Estar ocupado en Cristo nos santifica y transforma a su imagen. Todo alimento forma el ser interior; asi­milado en nosotros, marca la entera personalidad. Hemos encontrado hombres o mujeres en los cuales se ve a primera vista que viven en la inmundicia; al nutrirse y encontrar la satisfacción de su ser interior, poco a poco su aspecto, su cara, su actitud se van caracterizando de ello. ¿No puede ocurrir lo mismo con el cristiano? Cristo está en su corazón, ¿no manifestará el gozo y la paz sobre su rostro? "Mirando a cara des­cubierta como en un espejo la gloria del Señor, somos transformados de gloria en gloria en la misma imagen" (2 Corintios 3:18); no sólo la gloria del Señor en el cielo, sino ante todo la gloria moral que brilló durante su vida en la tierra. No se trata de observar reglas y ordenanzas, sino de ser "transformados por medio de la renovación de nuestro entendimiento" (Romanos 12:2; Efesios 4:23): una obra interior producida por el ali­mento que tomamos, bajo la acción del Espíritu que toma de lo que es de Cristo y nos lo comunica.
En el desierto, cada mañana, el pueblo recogía el maná: Representaba a Cristo, el pan vivo descendido del cielo, alimento de su pueblo en el camino, para su estímulo y su fuerza. En el santuario, los sacerdotes se alimentaban de la ofrenda vegetal, perfecciones de la vida de Cristo, con el fin de ser hechos capaces de ejer­cer su servicio para Dios.
El mismo sumo sacerdote debía continuamente presentar, a la mañana y a la tarde, una ofrenda vegetal particular, totalmente quemada sobre el altar: todo su servicio estaba como impregnado por la perfección de Cristo, señalado con su sello (Levítico 6:17-23).

La levadura y la miel
Ambas estaban excluidas de la ofrenda vegetal.
La levadura nos habla de la hinchazón de la importancia personal, del orgullo, de la hipocresía que quiere aparentar lo que no es.
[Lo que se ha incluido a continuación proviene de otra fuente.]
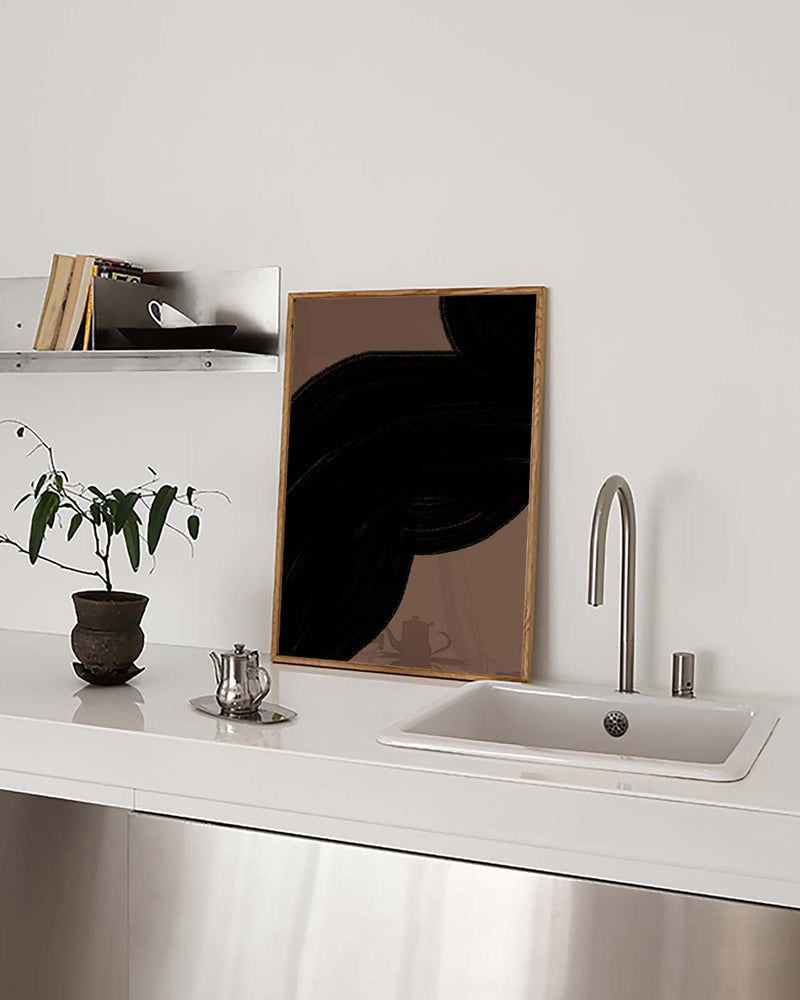 Schwarzes Organisches Pinsel Poster – Black Organic Brush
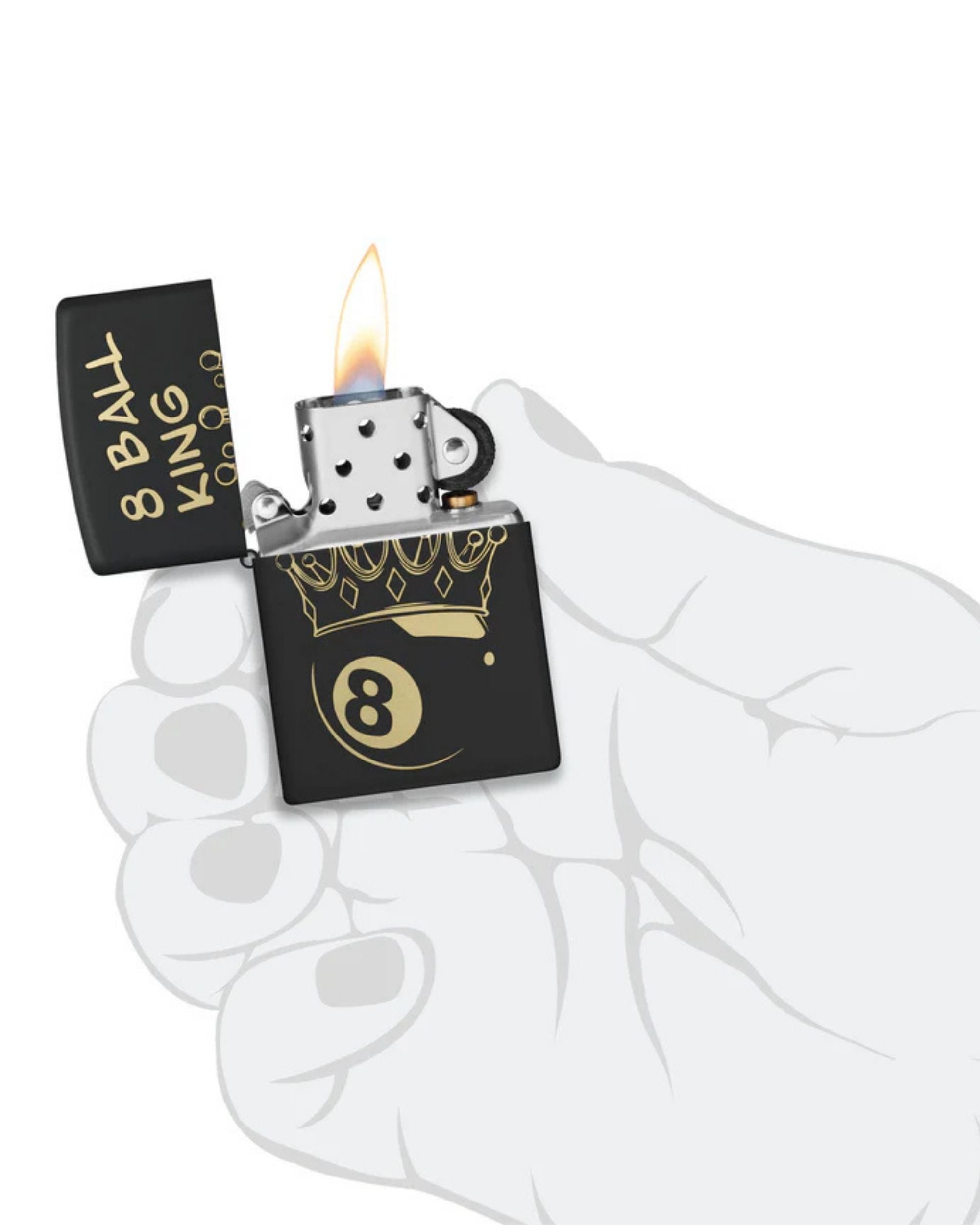 Zippo Accendino Antivento Made In Usa Ricaricabile '8 Ball' Nero Unisex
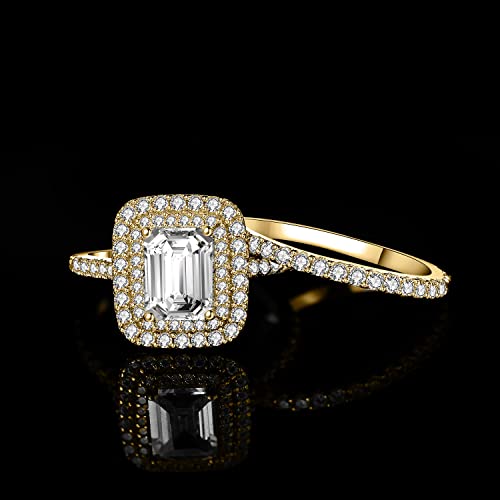 JewelryPalace Classic 1.6ct Cubic Zirconia Double Halo Engagement Rings for Women, Emerald Cut 925 Sterling Silver 14K Gold Promise Ring for Her, Simulated Diamond Anniversary Wedding Band Bridal Set3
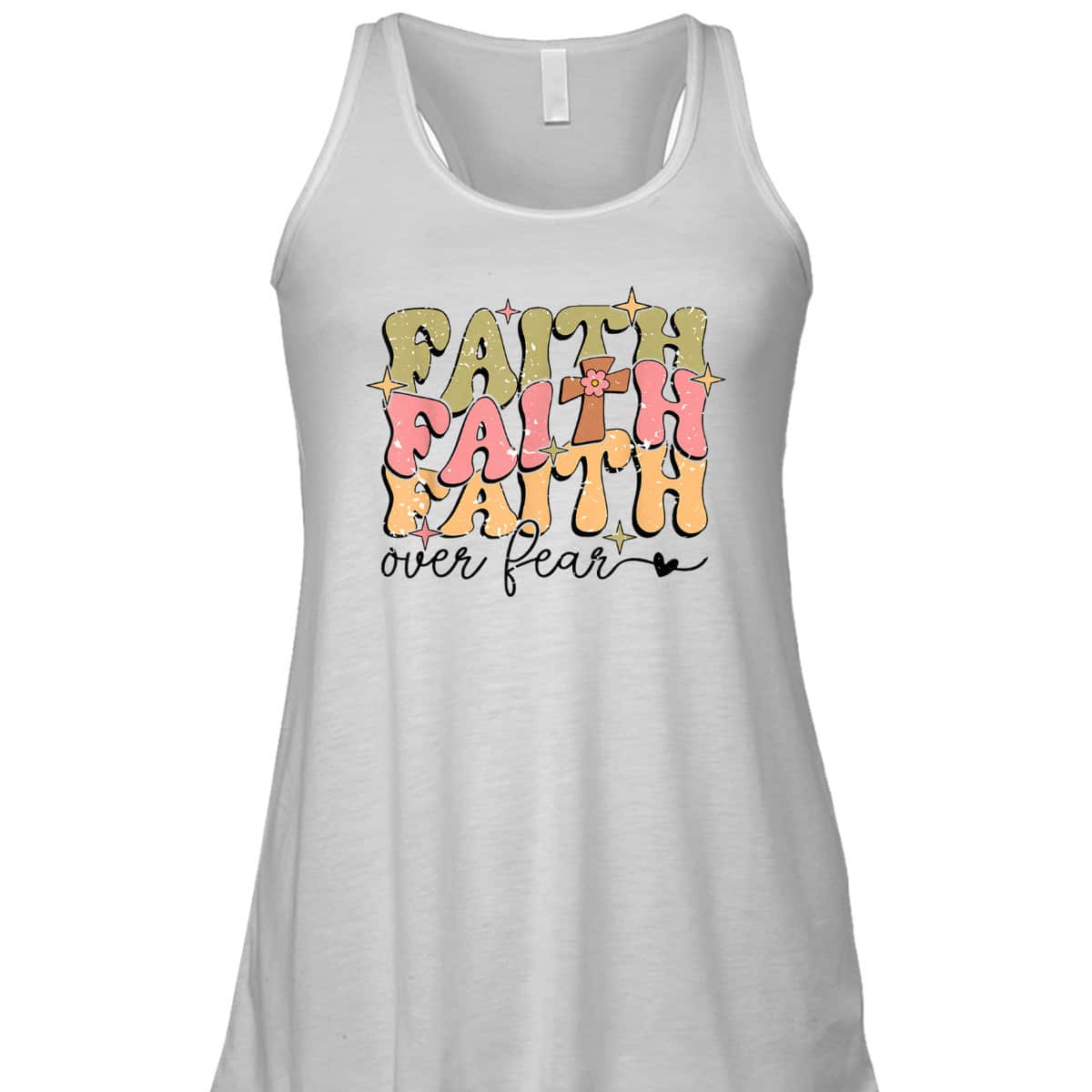 Faith Over Fear Christian Retro Bible Verse T-Shirt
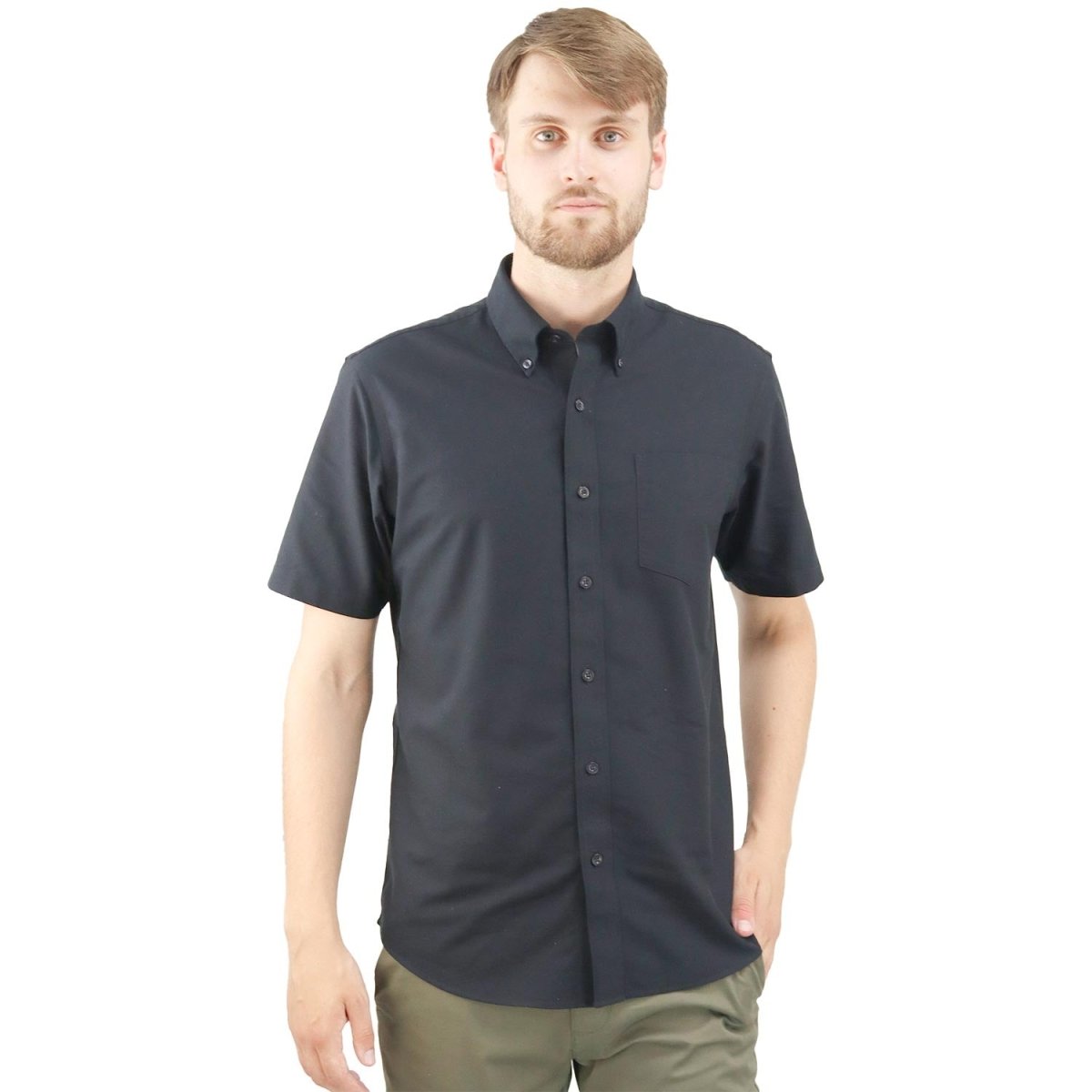 Men's Wrinkle Free Cotton Oxford Short Sleeve Shirt XS - Shop Giordano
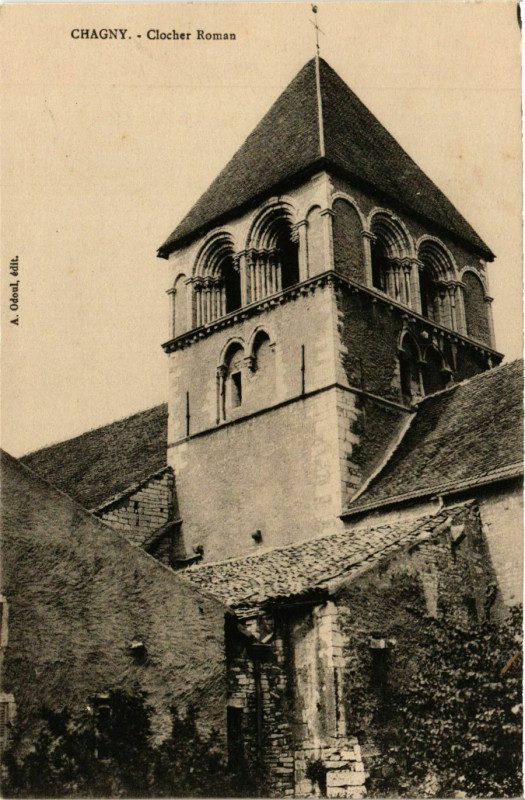Carte postale ancienne Chagny Clocher Roman France à Chagny
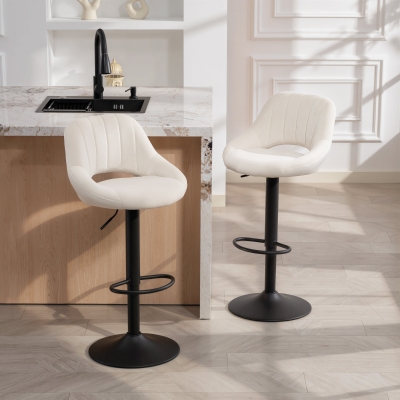 HOMCOM Bar Stools Set of 2, Swivel Counter Height Barstools with Adjustable Height, Plush Upholstered Bar Chairs with Round Metal Base and Footrest, Cream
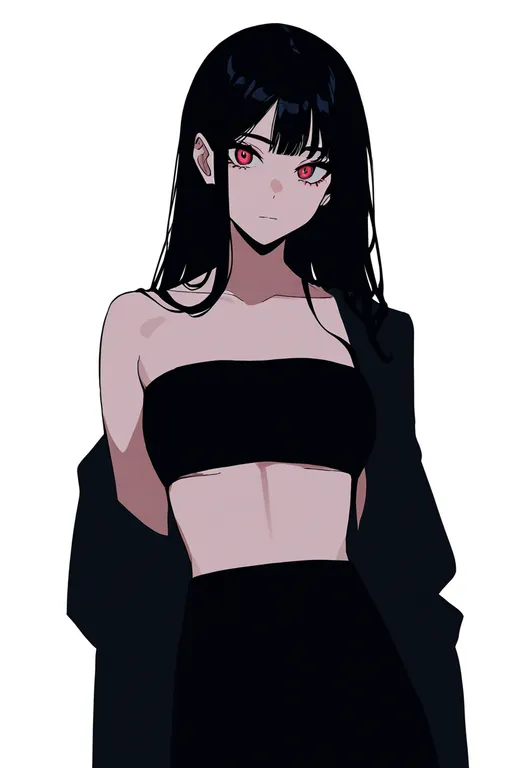 masterpiece, best quality, newest, absurdres, highres, safe, black_bandeau, 1girl, solo, simple_background — by k3scat, made with ComfyUI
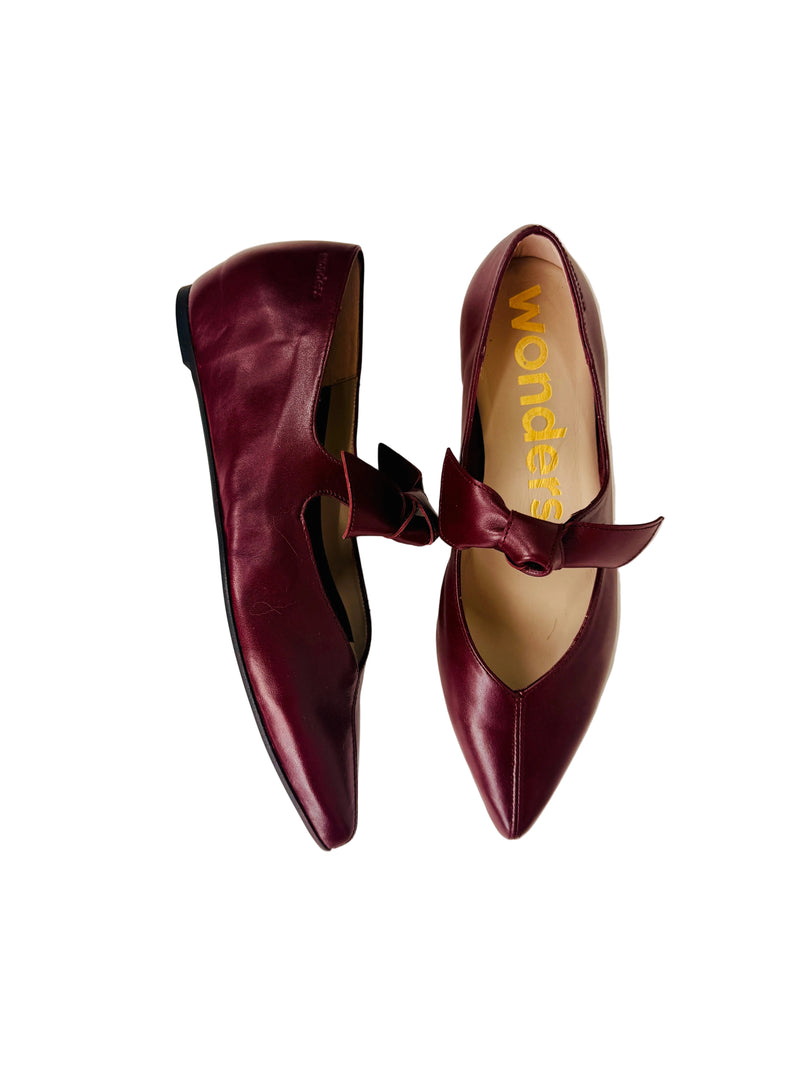 Load image into Gallery viewer, burgundy flat shoes
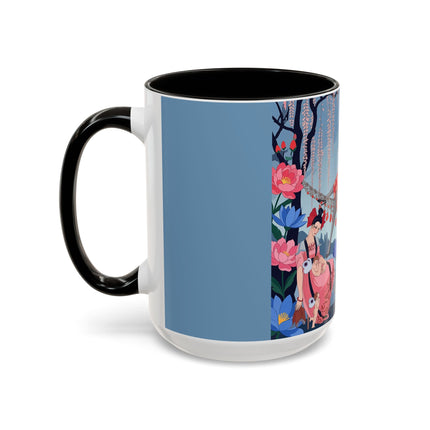 The Ladies Of The Enchanted Hammock Colorful Mugs – Art Deco Whimsical Garden Elegance
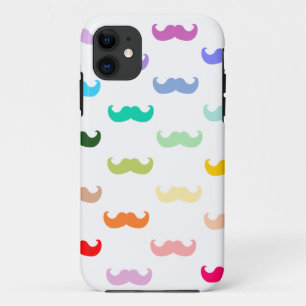 Capa Para iPhone Da Case-Mate Teste padrão do bigode do arco-íris no branco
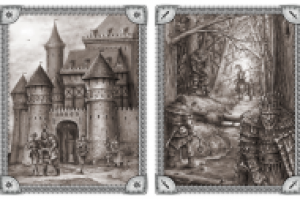 Иллюстрации для одной из фентезийных игр  (замок и засада)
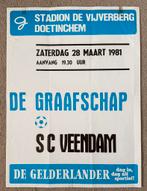 Voetbal Affiche De GRAAFSCHAP  SC VEENDAM  28-03-1981 UNIEK, Ophalen of Verzenden, Gebruikt, Poster, Plaatje of Sticker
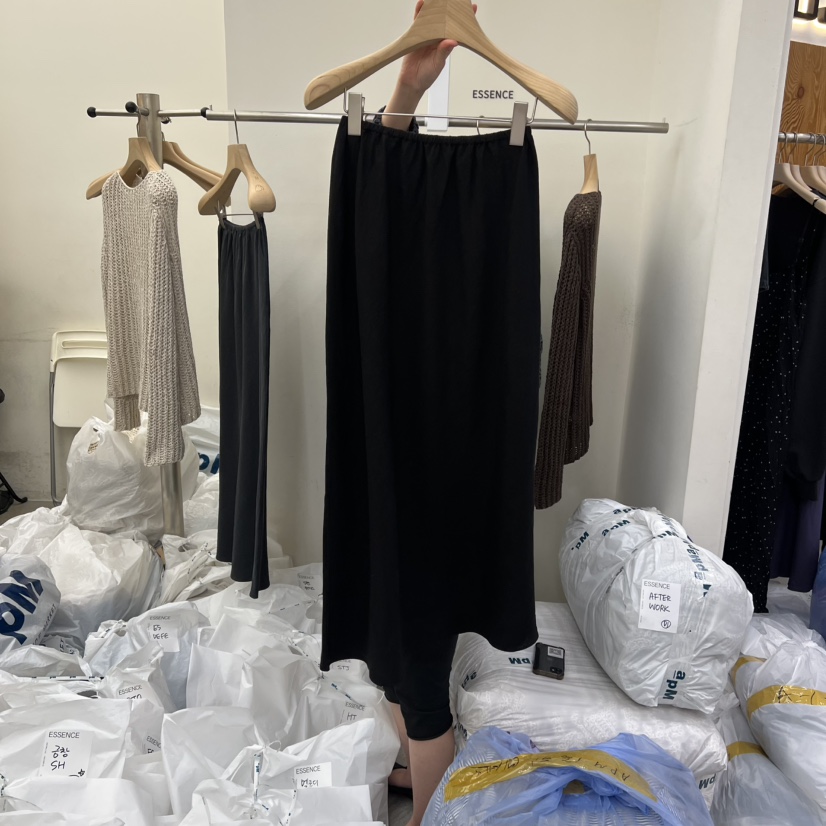 ESSENCE東大門代購女裝新品休閑推薦職業半身裙中短裙亞麻布ESSENCE半身裙/中短裙圖色5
Es el mal que levanta la masa a la cual corrompe. No había ninguna levadura en Cristo, pero él podía desenmascarar la de los fariseos y la de los saduceos. Ninguna levadura debía formar parte del memorial de la ofrenda ofrecida sobre el altar. Pero incluso lo que los sacerdotes comían, no debía ser cocido con levadura (Levítico 6:17). ¡Con qué facilidad se mezcla la importancia personal en nuestra aprecia­ción de la vida perfecta de Cristo: creer que sabemos más que otros, o el peligro de parafrasear, de decir más de lo que sentimos, de repetir cosas que hemos leído pero no asimilado!
La miel nos habla de los afectos naturales, de los sentimientos amables del hombre que pueden existir sin la vida de Dios. Tales sentimientos santificados por la gracia son deseables, incluso necesarios entre noso­tros, pero no forman parte del sacrificio; el sentimenta­lismo en particular debe ser excluido de la adoración; y en el servicio para el Señor, motivos mezclados (como, por ejemplo, el deseo de encontrarse con éste o con aquélla) no tienen nada que hacer en él. Todo aquello que ocupa su debido lugar en la vida privada, nada tiene que hacer en el santuario.